During an interview with FOX Business Network’s Maria Bartiromo, Royal Dutch Shell’s (NYSE:RDS.A) CEO Ben van Beurden said the company is responding with “vigor and determination” to cope with lower oil prices.
“We started off the slide in oil prices with a low gearing 12.4%. Since then, we have been cutting our operating costs, our capital spent quit considerably -- $4 billion OPEX, $7 billion capital costs -- that’s about a year of dividends that we have saved in a year’s time,” he said
Despite cutting costs, van Beurden says the dividend is safe.

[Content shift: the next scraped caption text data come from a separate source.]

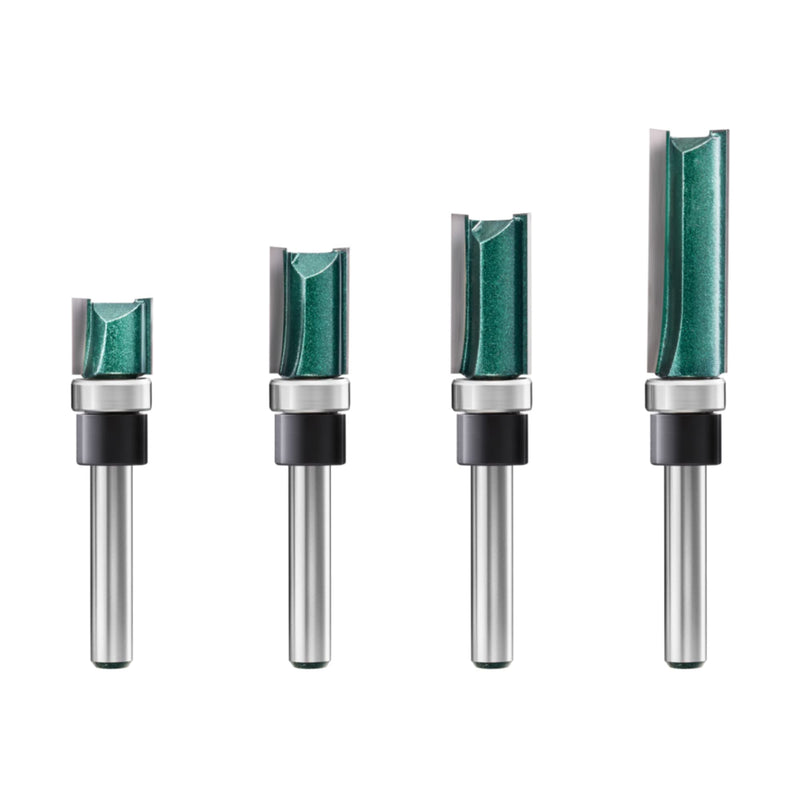[Australia - AusPower] - Pattern Flush Trim Router Bits 1/4 Shank, Bottom Bearing Pattern Router bit Set, 1/4 Flush Trim Cut Router Bits, Handy, Durable & Sharp for Home DIY Pattern Router Bits(Plus) Edge Trimming 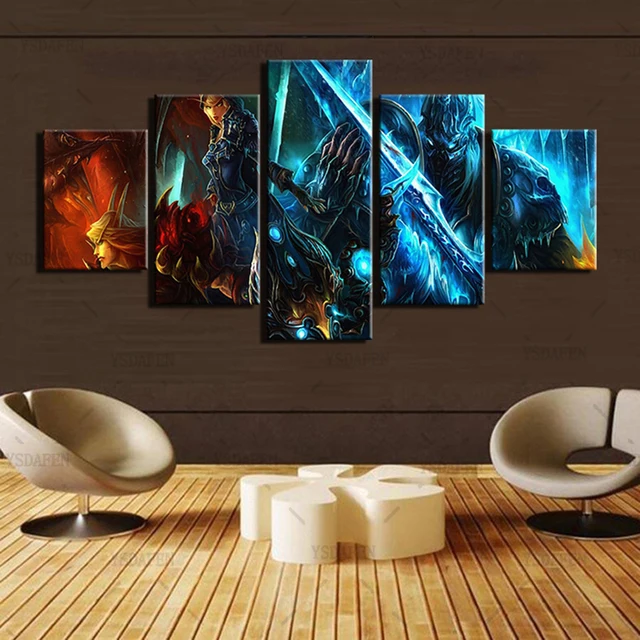 Wall Art Canvas Paintings Living Room Decor 5 Pieces World Of Warcraft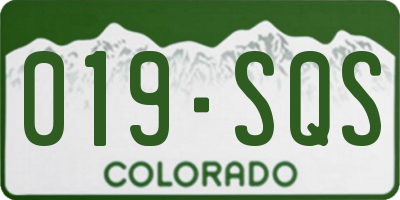 CO license plate 019SQS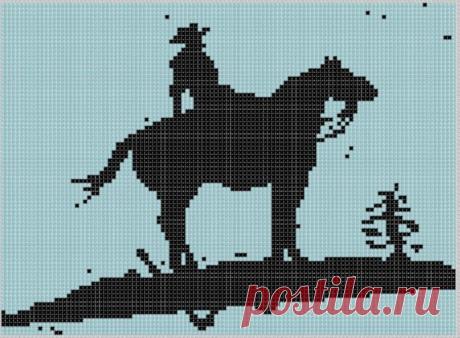 Cowboy and Horse Cross Stitch Pattern by Motherbeedesigns - Craftsy
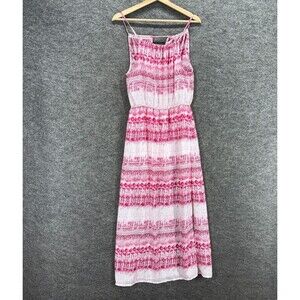 Icon Apparel Dress Women L Large Pink Striped Maxi Long Sleeveless Casual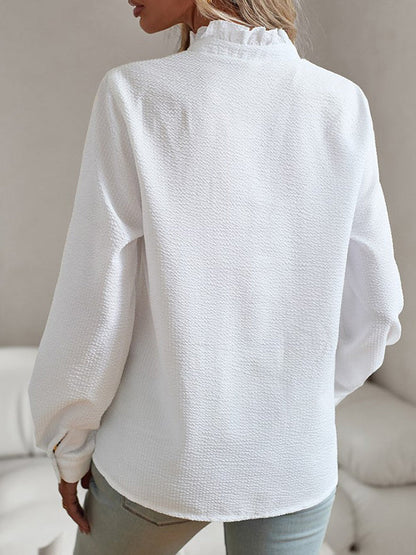 Long Sleeves Loose Pleated Ruffled See-Through Solid Color Split-Joint Stand Collar Blouses&Shirts Tops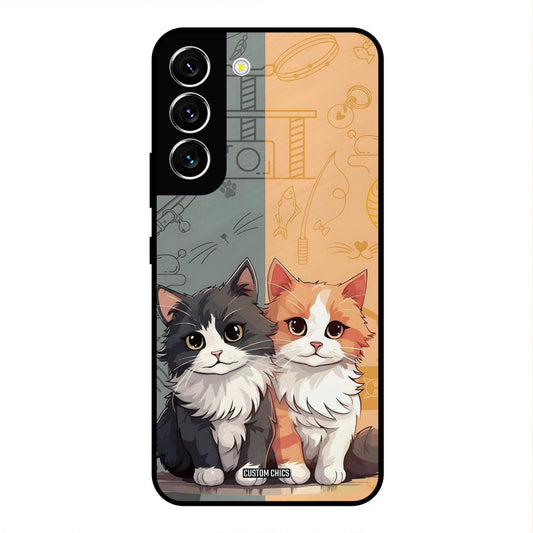 Couple Cat Samsung Galaxy S22 Mobile Back Cover - Cute PrintShield Case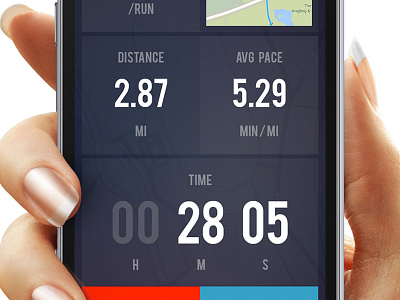 Running App app chart flat graph map mobile numbers run sport timer translucent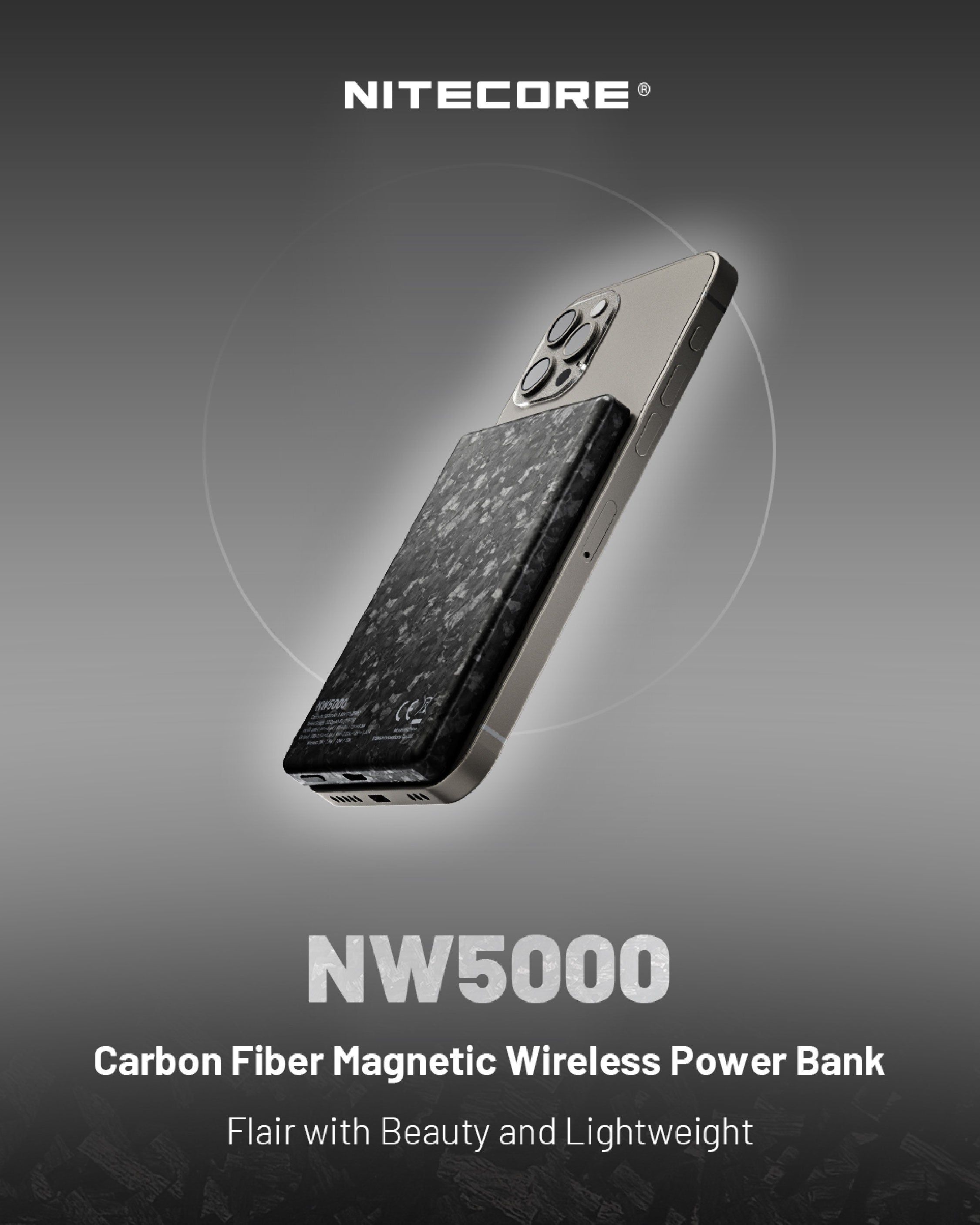 Nitecore - NW5000 Power Bank - Magnético Inalámbrico en Fibra de Carbono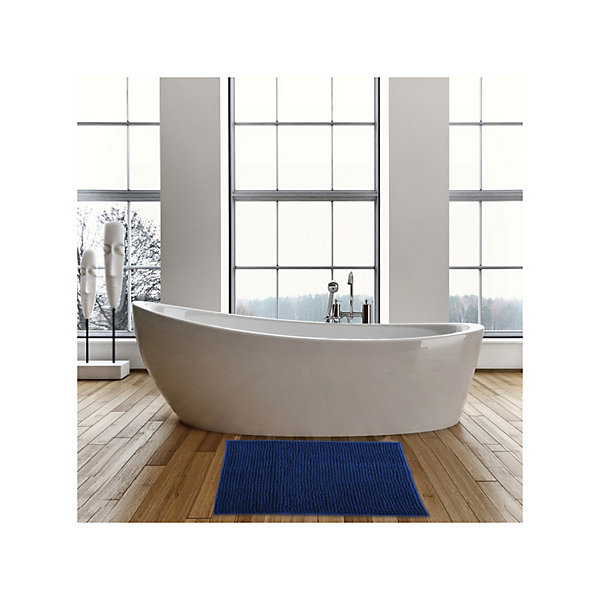 Lot de 2 tapis de bain CHENILLE 40x60 Bleu Foncé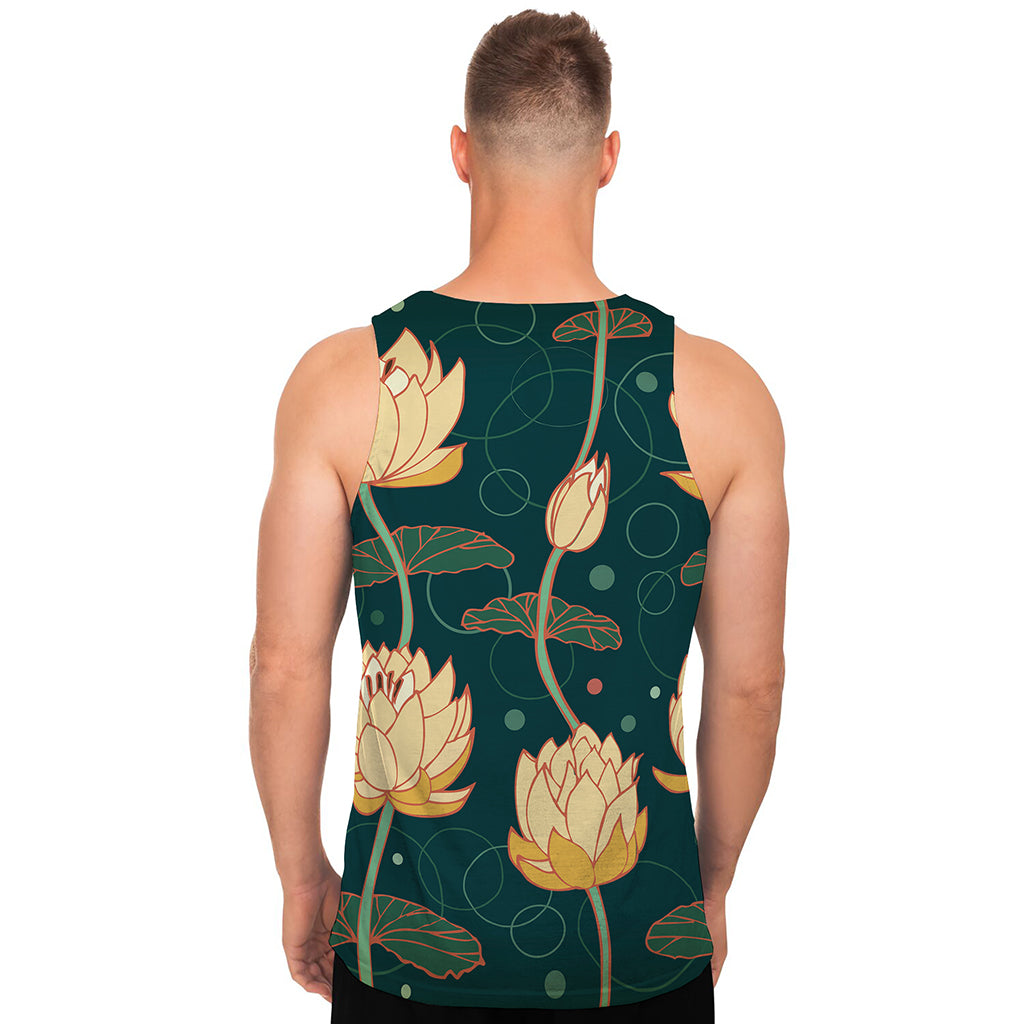 Vintage Lotus Pattern Print Men's Tank Top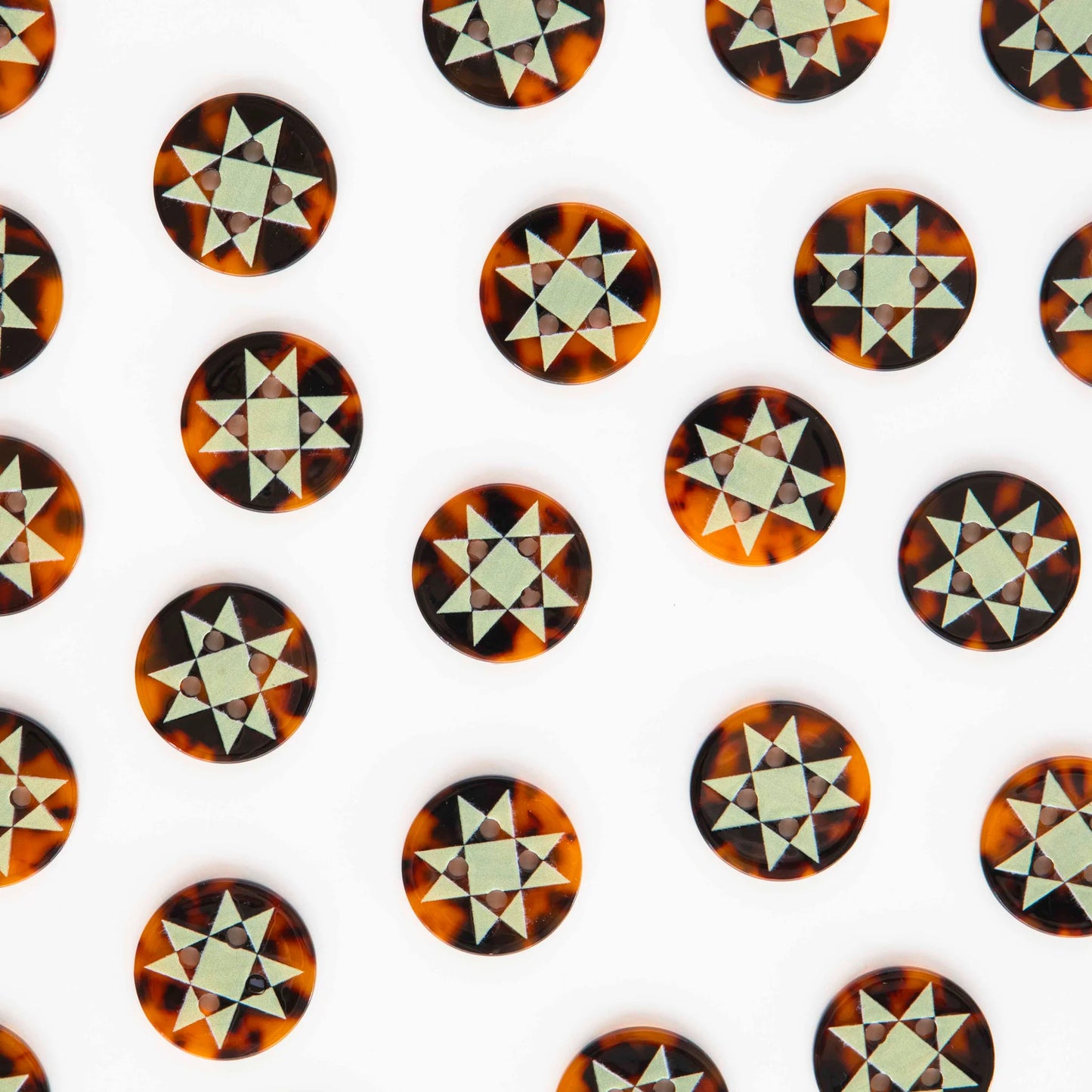 Sarah Hearts Large 1" Quilt Star Buttons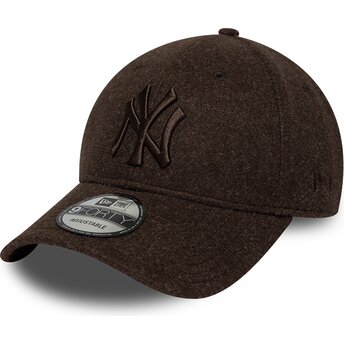 Casquette courbée marron snapback avec logo marron 9FORTY Winter New York Yankees MLB New Era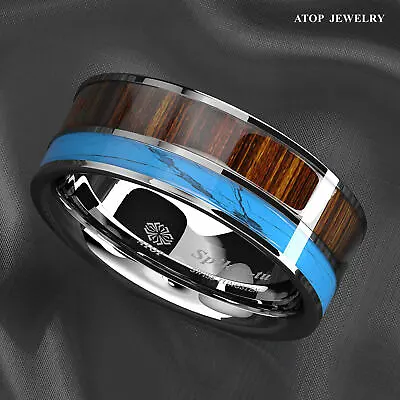 8mm Tungsten Men's Ring Silver Turquoise & Koa Wood Wedding Band ATOP Jewelry • $14.99
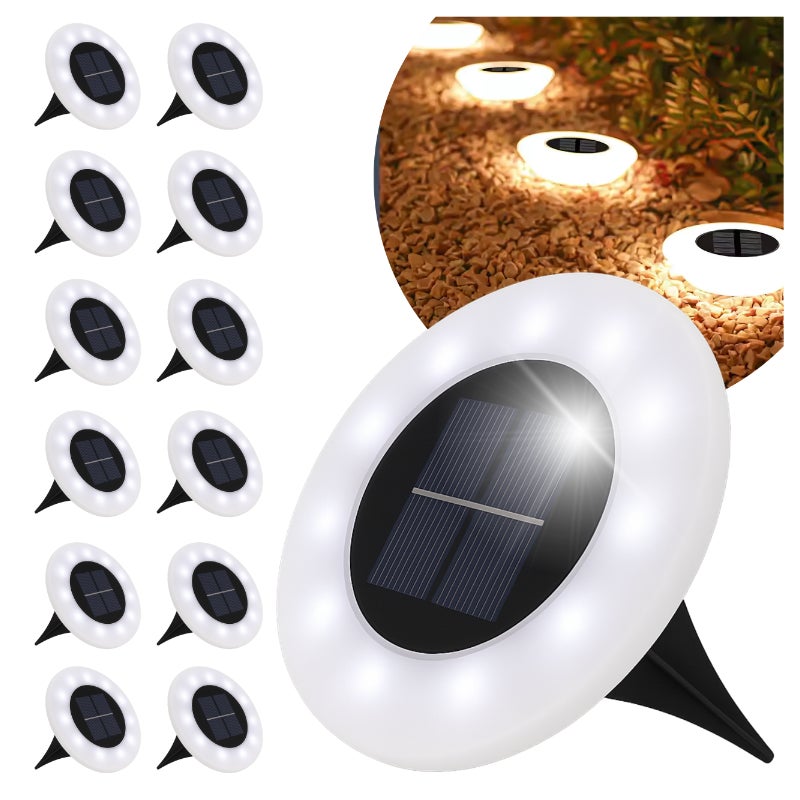 Zestaw 12 Solarnych Lampek Ogrodowych LED Wbijane Gruntowe Najazdowe Wodoodporne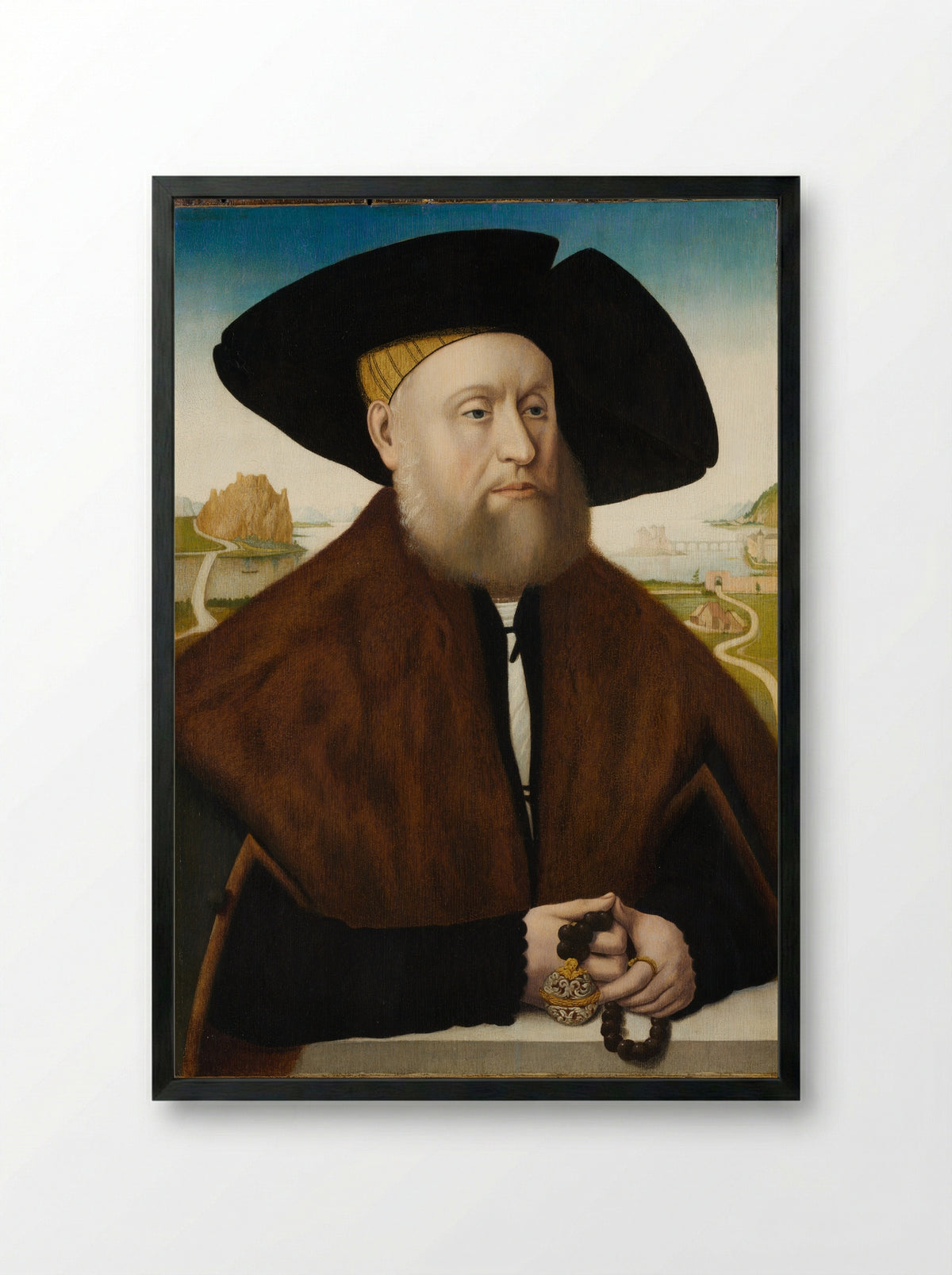 Portrait of Heinrich vom Rhein zum Mohren - Conrad Faber von Creuznach - Framed Print Black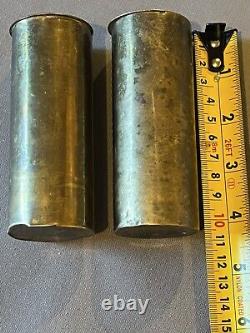 Antique Pair Heavy Brass Grandfather Clock Pendulum Weights 1.411 and 1.473 kg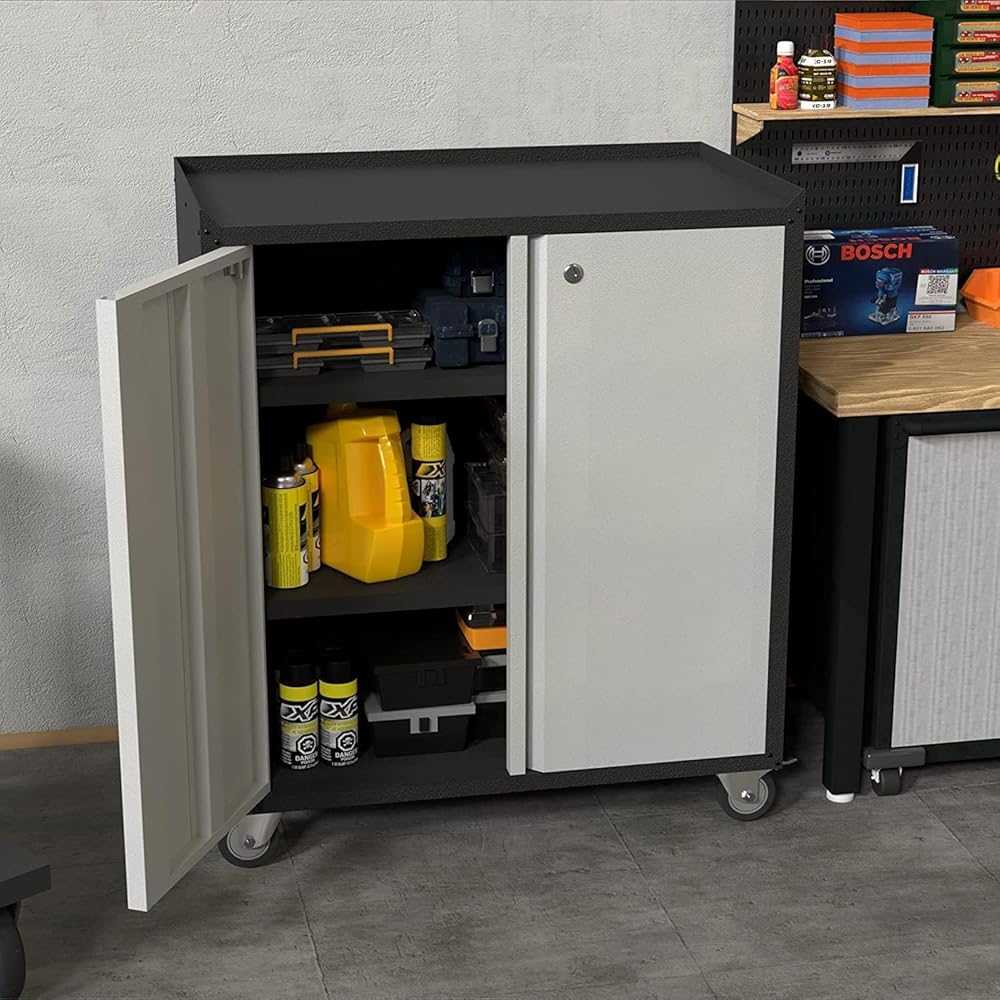 Supeer Armoire à outils avec roues,  en métal,  avec 2 portes et étagères réglables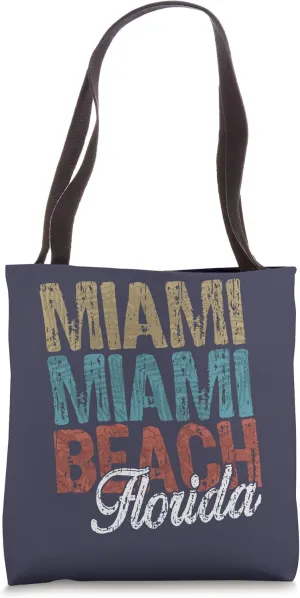 MIAMI BEACH Florida HIBISCUS & SCRIPT Three Tone Palm Tote Bag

“We did a very significant deal [BG Group acquisition] at a time of uncertainty in the markets. I think it’s very difficult for the ordinary investor to understand what is happening and what this deal means… I felt I needed to bring an assuring message out at as well -- that the dividend is basically guaranteed for this year at $1.88 per share,” he said.
He also discussed what the Iran nuke deal means for the global oil market.
“It’s a little bit hard to predict for an outsider because we’ve been out of Iran for a long time, what will actually happen. A lot of talk about a million barrels of new oil coming on. But actually the world is going to need that million barrels. That’s the sort of, that’s less than 1 year demand growth and on top of it you see shrinkage in supply every year -- three to four million barrels a day of shrinkage in supply at $60 oil.”